O caso reacende um debate iniciado em 2008, quando o STF editou uma súmula vinculante proibindo o nepotismo no serviço público, vedando a nomeação de cônjuges, companheiros ou parentes até o terceiro grau. No entanto, posteriormente, a Corte consolidou o entendimento de que a regra não se aplica automaticamente a cargos políticos, como secretarias estaduais e municipais, permitindo esse tipo de indicação em determinadas situações.
O julgamento em andamento analisa um recurso relacionado a uma lei do município de Tupã (SP), de 2013, que proibiu a contratação de parentes do prefeito, vice-prefeito, secretários e vereadores. A norma foi contestada por contrariar a jurisprudência que admite exceções para cargos de natureza política.

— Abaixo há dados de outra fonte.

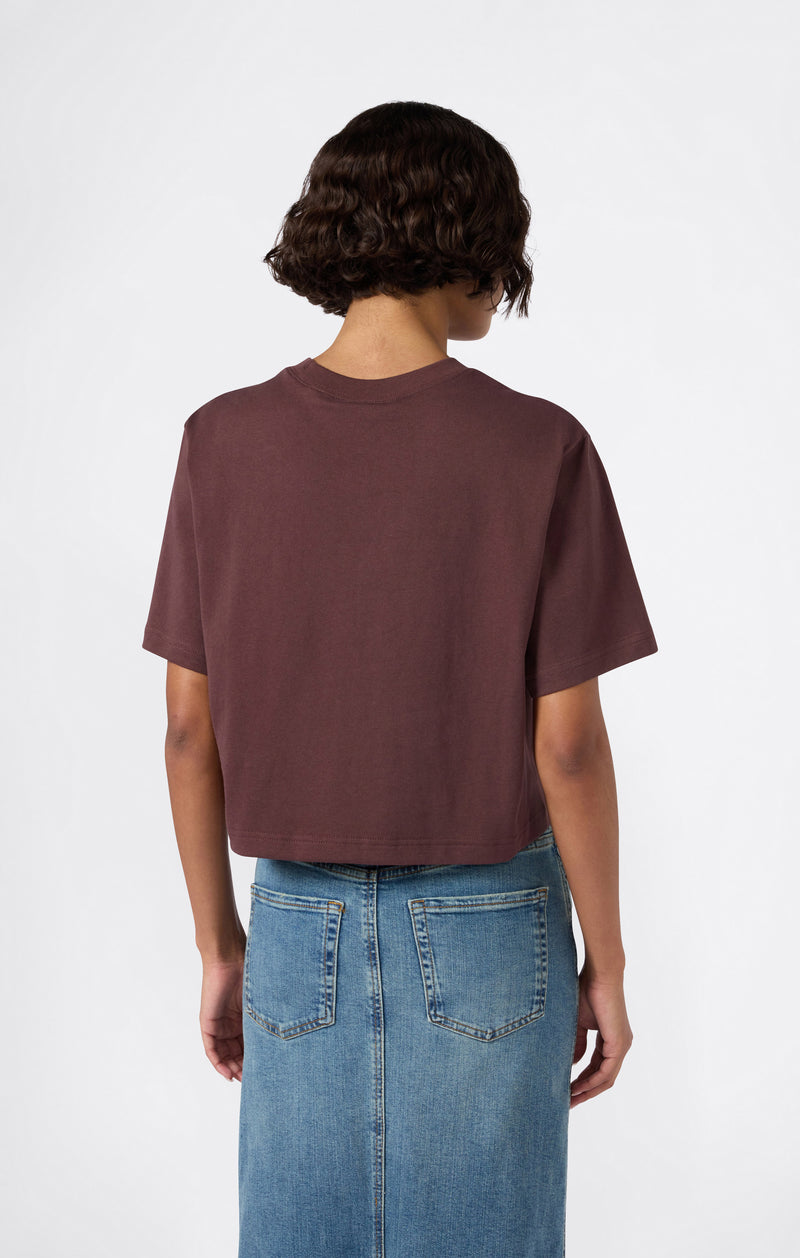 T-shirt Cropped Femme en Jersey de Coton Épais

Na sessão anterior, o STF já havia formado maioria de 6 votos a 1 para manter a possibilidade de nomeações de parentes para esses cargos. Porém, o cenário mudou após o relator do processo, ministro Luiz Fux, alterar seu posicionamento e defender a proibição dessas nomeações, entendendo que elas configuram nepotismo.
A mudança foi acompanhada pelos ministros Flávio Dino e Cármen Lúcia, que reforçaram a necessidade de impedir práticas que favoreçam vínculos pessoais na administração pública. Com a alteração no rumo do julgamento, Gilmar Mendes solicitou vista, suspendendo temporariamente a conclusão do caso.
O julgamento deverá ser retomado em data futura, quando os ministros voltarão a analisar o alcance da regra sobre nomeações de parentes em cargos de confiança no setor público.